Traditional classification

In traditional classification documents are calculated either by attributes (Attribute Counting Systems) or by structures (Structure Metric Systems). Lancaster and Culwin considers such classification incomplete, because some systems have an approach which does not belong to either of the two classes.

Classification according to the type of corpus which is processed

According to the types of documents which are being processed, the corpus of documents can be formed by source code, text documents or both. According to the source of documents, the corpora can be internal (documents available to an organisation), external (all Internet sources) or mixed. According to the method of work, access can be with or without tokenisation.

Classification according to the availability of the plagiarism detection system

According to the setting, they can be local or on the web. According to the openness, they can be public or private.

Classification according to the number of documents which are simultaneously processed

A metric is used which can be singular, paired, and corporal (n-dimensional; n=number of documents in a corpus).

Classification according to the complexity of the metrics used

Metrics can be superficial or structural.

According to Maurer et al., the strategy of plagiarism detection should be carried out in three phases (authors call them methods) (Maurer et al., 2006):

1. The use of local documents’ repository, i.e. the comparison of a verified document word-by-word with potential sources of plagiarism.

2. The comparison of a verified document with all available web sources in a way that the characteristic parts or sentences are compared, not the whole documents.

3. The use of stylometry i.e. an algorithm for a linguistic analysis that compares the style of sequential sections of an observed document and draws attention to the inconsistency and change of style, which indicates the increased probability of plagiarism.

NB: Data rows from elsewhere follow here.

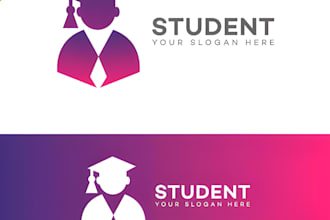 do high quality modern collage, school, student logo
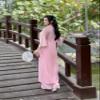 A27 Pink Floral attached Ao Dai NO PANTS | Vietnamese Traditional Ao Dai For Women | Bridal Ao Dai | Vietnamese Dress For Women | Ao Dai Tet (XS) view 3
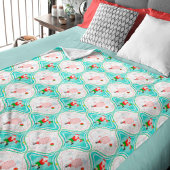 Santa Kerstmis Pickleball Ogee Pattern Fleece Deken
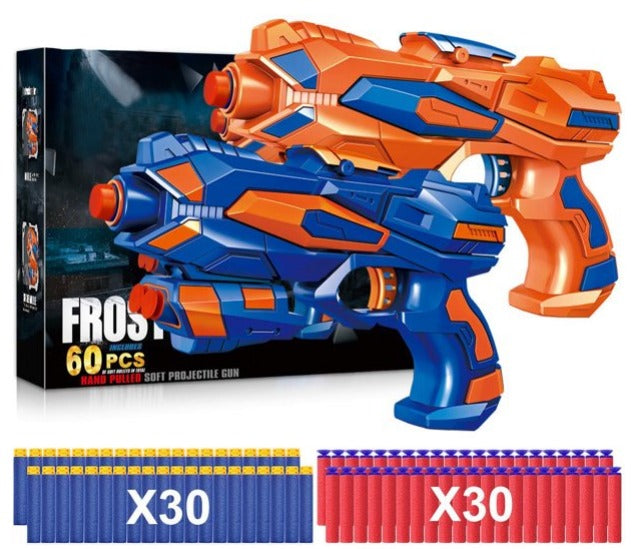 2 Pack Blaster Guns Toy Guns for Boys with 60 Pack Refill Soft Foam Darts for Kids Birthday Gifts Party Supplies Hand Gun Toys for 6+ Year Old Boys - Blue & Orange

Culwin and Lancaster identify a four-phase model for the plagiarism detection (Culwin & Lancaster, 2001a): (1) a collection phase in which documents fill the repository of all relevant documents, (2) a detection phase in which a software system recognises the suspicious pairs of documents, (3) a confirmation phase in which a human expert confirms or rejects doubt about plagiarism and (4) an investigation phase in which a human expert confirms the plagiarism and determines sanctions for the plagiarists.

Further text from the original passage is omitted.